Central to the argument seeking to condemn the guidelines as infringing the exclusive law-making power of the Oireachtas, declared in Article 15.2 of the Constitution, and as trespassing into the passing of an unconstitutional law, is that these are, of their nature, rules of law. One of the basic principles of statutory interpretation is that those subject to its terms cannot ignore an enactment binding on them because its meaning is difficult to discern. As Bennion, Statutory Interpretation (1 st edition, London, 1984), states at page 233 “The language of command is different from other languages, which have to accept the status quo (whereas command alters it).” The language of guidance differs from the language of command because of its nature that which guides is of the nature of suggestion and not in the nature of command.

4

Henchy J in Inspector of Taxes v Kiernan [1981] IR 117 at 121 noted that a statutory provision directed to the public at large may be construed according to common usage, whereas those addressed to a specialised body may take on a technical aspect for interpretive purposes. Here, there is a dual direction: to the judicial council as to their highly technical and specialised function in setting up a committee to formulate, through experience and research, guidance as to personal injury awards; and to the public whereby it is made clear that a longstanding issue of national debate is to be settled by having such guidelines. Much centres on the use of the particular words.

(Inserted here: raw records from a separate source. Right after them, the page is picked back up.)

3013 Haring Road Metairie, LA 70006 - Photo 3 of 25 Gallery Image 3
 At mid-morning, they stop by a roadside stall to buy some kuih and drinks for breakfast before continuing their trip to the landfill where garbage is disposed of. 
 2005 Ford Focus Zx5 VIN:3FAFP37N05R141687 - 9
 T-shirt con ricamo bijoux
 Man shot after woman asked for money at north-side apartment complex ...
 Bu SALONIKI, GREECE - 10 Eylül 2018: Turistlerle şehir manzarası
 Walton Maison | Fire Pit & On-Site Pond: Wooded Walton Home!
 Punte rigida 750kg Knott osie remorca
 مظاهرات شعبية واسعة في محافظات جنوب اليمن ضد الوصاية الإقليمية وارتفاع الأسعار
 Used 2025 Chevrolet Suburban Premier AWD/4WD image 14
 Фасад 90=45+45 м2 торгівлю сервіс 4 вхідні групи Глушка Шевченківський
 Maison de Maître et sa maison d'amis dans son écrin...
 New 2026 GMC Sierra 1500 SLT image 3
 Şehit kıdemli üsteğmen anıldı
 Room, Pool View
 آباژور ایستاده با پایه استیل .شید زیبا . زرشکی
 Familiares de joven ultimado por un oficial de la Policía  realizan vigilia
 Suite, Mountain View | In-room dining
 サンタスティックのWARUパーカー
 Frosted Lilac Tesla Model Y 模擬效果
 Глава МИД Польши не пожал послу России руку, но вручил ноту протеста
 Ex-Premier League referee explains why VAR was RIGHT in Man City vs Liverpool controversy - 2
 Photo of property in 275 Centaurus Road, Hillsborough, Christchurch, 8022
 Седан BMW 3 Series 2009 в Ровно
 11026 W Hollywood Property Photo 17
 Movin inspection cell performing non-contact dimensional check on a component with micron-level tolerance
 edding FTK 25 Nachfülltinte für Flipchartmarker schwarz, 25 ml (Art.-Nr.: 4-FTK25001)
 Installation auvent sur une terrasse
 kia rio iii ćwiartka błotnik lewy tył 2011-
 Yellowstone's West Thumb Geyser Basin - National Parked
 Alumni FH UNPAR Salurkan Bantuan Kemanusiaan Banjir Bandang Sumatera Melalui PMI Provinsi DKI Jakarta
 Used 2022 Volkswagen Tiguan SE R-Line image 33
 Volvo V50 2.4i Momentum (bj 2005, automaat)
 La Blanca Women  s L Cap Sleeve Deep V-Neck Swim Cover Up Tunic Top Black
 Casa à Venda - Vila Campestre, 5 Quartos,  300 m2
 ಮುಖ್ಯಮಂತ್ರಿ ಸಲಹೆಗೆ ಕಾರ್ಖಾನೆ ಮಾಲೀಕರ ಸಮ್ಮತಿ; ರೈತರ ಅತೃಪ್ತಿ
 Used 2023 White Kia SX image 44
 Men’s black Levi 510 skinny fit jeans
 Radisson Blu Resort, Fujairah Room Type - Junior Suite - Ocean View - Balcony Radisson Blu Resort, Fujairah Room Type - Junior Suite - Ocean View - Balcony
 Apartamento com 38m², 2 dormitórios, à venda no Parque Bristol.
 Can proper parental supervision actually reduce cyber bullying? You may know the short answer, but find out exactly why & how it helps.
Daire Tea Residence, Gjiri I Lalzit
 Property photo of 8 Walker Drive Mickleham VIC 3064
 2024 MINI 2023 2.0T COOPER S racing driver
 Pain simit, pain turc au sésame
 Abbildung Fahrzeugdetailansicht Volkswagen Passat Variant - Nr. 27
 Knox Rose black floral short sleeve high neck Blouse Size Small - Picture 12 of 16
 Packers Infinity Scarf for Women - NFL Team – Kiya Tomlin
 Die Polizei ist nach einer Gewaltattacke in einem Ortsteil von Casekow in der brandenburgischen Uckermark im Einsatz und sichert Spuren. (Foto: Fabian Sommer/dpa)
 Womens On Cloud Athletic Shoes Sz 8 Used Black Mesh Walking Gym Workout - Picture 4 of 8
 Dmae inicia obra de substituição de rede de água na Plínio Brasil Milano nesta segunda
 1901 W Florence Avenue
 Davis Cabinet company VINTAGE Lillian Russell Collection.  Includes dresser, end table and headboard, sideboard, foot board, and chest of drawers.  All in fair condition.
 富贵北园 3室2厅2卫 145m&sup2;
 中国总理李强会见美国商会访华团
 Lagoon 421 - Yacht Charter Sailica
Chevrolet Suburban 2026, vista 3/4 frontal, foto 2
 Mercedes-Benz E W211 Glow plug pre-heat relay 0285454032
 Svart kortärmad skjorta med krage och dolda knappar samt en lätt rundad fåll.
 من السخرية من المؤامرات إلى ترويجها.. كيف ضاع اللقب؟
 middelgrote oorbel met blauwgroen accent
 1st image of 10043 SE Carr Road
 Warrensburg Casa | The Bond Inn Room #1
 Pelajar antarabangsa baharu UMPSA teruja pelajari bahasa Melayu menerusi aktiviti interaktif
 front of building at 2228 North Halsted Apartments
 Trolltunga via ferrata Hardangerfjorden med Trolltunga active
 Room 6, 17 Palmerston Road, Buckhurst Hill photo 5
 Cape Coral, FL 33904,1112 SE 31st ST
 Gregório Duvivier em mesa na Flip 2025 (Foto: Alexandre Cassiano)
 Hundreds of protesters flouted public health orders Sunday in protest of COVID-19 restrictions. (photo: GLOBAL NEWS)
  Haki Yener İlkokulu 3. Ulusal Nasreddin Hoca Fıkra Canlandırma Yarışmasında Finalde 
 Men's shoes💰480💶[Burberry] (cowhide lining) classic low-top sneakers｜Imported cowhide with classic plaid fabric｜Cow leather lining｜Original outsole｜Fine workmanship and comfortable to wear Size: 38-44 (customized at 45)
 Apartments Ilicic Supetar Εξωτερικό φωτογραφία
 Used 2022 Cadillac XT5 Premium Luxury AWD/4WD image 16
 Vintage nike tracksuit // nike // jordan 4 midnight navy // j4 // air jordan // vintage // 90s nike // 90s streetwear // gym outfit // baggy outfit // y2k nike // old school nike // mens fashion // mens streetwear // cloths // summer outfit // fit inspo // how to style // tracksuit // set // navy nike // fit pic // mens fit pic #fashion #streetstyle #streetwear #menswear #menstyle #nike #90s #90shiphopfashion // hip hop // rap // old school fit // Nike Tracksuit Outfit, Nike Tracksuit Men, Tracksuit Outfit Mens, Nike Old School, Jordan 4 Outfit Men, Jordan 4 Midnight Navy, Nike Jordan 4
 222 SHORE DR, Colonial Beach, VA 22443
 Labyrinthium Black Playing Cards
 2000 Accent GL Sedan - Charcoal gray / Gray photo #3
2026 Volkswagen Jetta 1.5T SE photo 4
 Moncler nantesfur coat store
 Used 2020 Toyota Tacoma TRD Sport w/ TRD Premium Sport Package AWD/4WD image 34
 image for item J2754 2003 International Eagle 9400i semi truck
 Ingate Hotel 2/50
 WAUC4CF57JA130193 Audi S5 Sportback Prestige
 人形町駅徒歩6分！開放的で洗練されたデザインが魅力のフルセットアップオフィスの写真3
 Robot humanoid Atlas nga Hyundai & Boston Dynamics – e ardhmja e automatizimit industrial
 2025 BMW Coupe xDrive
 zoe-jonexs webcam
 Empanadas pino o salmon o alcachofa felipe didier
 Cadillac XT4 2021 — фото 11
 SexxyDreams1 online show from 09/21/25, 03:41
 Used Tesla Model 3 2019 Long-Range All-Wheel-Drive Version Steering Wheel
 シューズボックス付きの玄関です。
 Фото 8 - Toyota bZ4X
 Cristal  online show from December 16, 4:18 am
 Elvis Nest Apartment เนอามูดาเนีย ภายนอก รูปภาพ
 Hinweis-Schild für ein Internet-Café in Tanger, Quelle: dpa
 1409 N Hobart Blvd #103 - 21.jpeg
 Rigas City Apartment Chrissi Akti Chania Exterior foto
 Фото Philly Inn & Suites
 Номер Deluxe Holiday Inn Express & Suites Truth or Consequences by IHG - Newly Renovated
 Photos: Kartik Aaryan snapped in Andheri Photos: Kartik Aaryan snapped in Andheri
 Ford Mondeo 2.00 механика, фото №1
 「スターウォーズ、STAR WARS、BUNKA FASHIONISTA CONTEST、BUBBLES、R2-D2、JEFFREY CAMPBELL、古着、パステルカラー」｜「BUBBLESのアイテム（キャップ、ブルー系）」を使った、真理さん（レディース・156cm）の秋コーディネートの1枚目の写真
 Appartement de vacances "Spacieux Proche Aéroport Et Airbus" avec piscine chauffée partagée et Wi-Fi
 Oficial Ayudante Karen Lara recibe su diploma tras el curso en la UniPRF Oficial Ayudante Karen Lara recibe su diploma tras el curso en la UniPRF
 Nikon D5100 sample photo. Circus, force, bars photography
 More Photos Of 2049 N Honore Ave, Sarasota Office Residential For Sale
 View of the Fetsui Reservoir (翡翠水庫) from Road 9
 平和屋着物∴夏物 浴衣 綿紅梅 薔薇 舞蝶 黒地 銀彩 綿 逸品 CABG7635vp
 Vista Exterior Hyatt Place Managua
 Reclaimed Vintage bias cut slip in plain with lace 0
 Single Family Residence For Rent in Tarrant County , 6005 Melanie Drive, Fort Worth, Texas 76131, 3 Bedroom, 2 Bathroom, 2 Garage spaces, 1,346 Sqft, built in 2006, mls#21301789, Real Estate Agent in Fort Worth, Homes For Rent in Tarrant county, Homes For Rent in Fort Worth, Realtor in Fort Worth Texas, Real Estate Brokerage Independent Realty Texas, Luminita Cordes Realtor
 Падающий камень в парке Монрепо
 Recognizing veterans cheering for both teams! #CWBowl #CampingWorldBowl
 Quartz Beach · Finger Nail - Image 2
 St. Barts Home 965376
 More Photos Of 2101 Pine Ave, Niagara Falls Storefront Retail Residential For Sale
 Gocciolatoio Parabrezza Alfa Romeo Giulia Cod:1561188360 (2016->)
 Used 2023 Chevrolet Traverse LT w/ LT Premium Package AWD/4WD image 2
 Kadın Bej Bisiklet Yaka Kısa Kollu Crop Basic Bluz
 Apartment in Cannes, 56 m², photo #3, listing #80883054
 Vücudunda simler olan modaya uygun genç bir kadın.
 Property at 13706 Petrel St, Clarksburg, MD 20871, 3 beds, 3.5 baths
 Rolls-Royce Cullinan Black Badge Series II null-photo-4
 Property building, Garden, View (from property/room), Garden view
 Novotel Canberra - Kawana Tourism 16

From the point of view of the committee, their task is to formulate what will guide the judiciary, while from the aspect of the general public, how damages may come to be calculated is for the first time made clear as an aspect of reasonable certainty.

5

Personal injuries guidelines adopted by the Judicial Council under section 7 of the 2019 Act are expressed under s 90(1) to “contain general guidelines as to the level of damages that may be awarded or assessed in respect of personal injuries”. That is the fundamental approach. The section goes on to that that “without prejudice to the generality of” that description of the exercise conducted, the guidelines may address “the level of damages for personal injuries generally”, or for “a particular injury or a particular category of injury, and in that regard “the range of damages to be considered for a particular injury or a particular category of injuries” and where, as may frequently be the case “multiple injuries have been suffered by a person, the consideration to be given to the effect of those multiple injuries on the level of damages”.

6

There are two inescapable principles to the judicial function. First, a judge should always strive to find out where the truth of a matter rests. Whether the cause is a commercial dispute as between building developers or whether the issue is as to which driver caused an accident leading to hospitalisation, there can be no sound adjudication unless a judge decides what the facts are. Often there will be contradictions and frequently the temptation to dissimulate or exaggerate will need to be kept in mind, but without deciding what happened, on the standard of proof as a probable result, any application of law will be misplaced. Secondly, a judge will strive to do justice. While that concept is fully realisable as a divine ideal, it is through law that situations are defined and the result to be applied is rendered consequent. A difference emerges in a situation where a body of experience is built up so that within a legal norm, as where a wrong is defined and proof sufficient to engender the remedy is presented to a court, the experience of the level of remedy can go beyond the result demanded by law, in tort cases damages, to the general prediction of the level of compensation mandated by law.

7

While, as the analysis in the separate judgments of Collins and Hogan JJ, elucidates, the difference as between law and the prediction of the nature of the mandated result may be permeable, describing a general result is different to the rigidity that is within the concept of legal regulation. Under s 93 of the 2019 Act, the duty of a judge to apply the law in furtherance of a just result is expressly preserved since the legislation is not to be “construed as operating to interfere with”, either, “the performance by the courts of their functions”, which is an express reference to judicial independence and the duties of a judge to be impartial under Article 34 of the Constitution or “the exercise by a judge of his or her judicial functions.” Personal injuries guidelines which under s 30 of the Family Leave and Miscellaneous Provisions Act 2021 amends the 2019 Act, enables departure from the guidelines. What is...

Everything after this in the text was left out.